■ **ACTIVITY**
As soon as the line containing "Locharron of Scotland" appears in the material below, start returning lines exactly, and end with the line containing "2011 Fiat Strada".

(GIVEN INFORMATION)

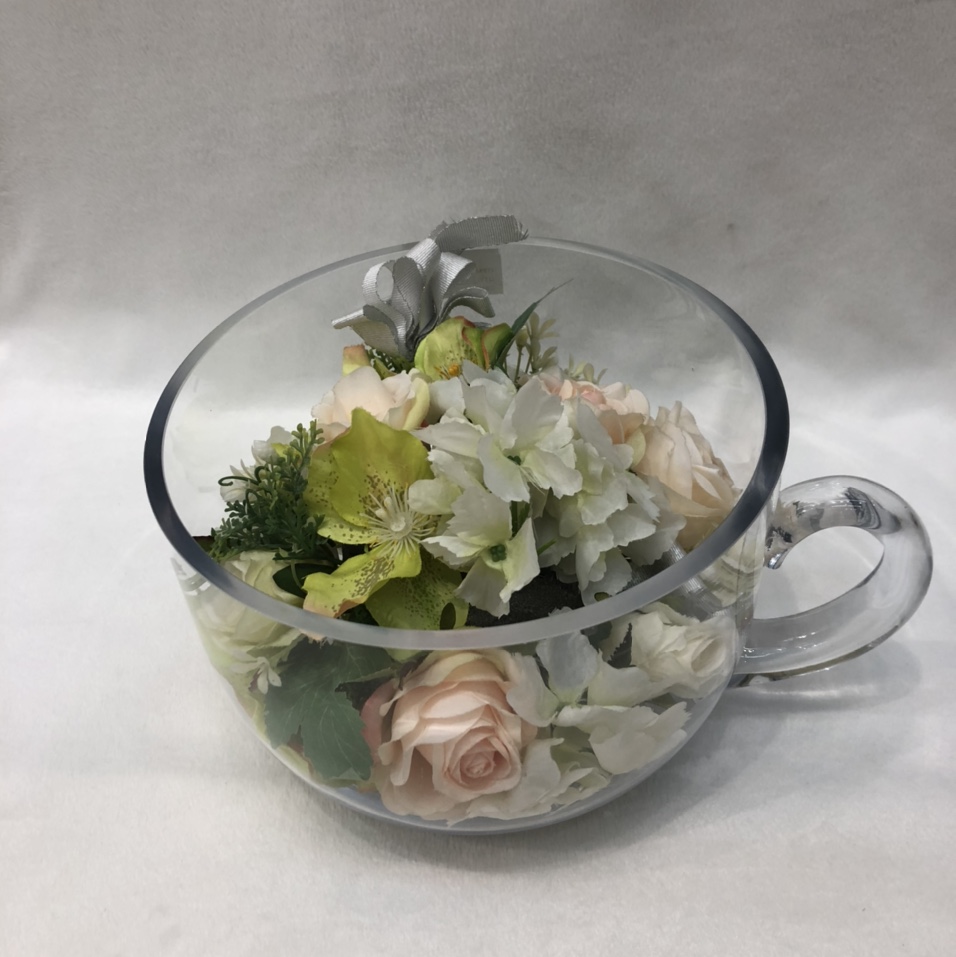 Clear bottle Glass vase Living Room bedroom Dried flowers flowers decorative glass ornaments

(End GIVEN INFORMATION)
(GIVEN INFORMATION)

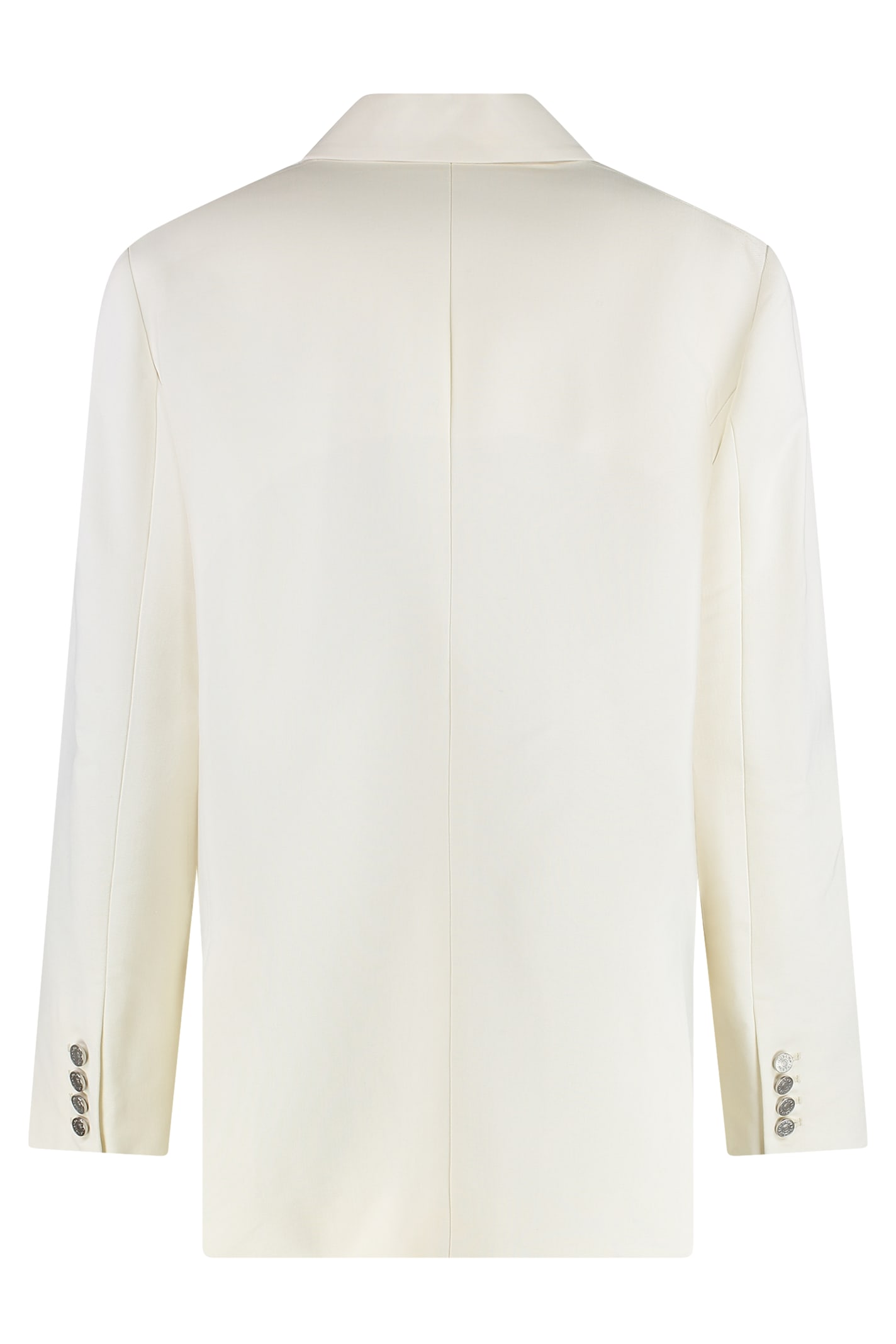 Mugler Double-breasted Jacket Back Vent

(End GIVEN INFORMATION)
(GIVEN INFORMATION)

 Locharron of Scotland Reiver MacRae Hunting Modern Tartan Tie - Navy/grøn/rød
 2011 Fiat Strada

(End GIVEN INFORMATION)

■ **OUTPUT OF THE TASK**
 Locharron of Scotland Reiver MacRae Hunting Modern Tartan Tie - Navy/grøn/rød
 2011 Fiat Strada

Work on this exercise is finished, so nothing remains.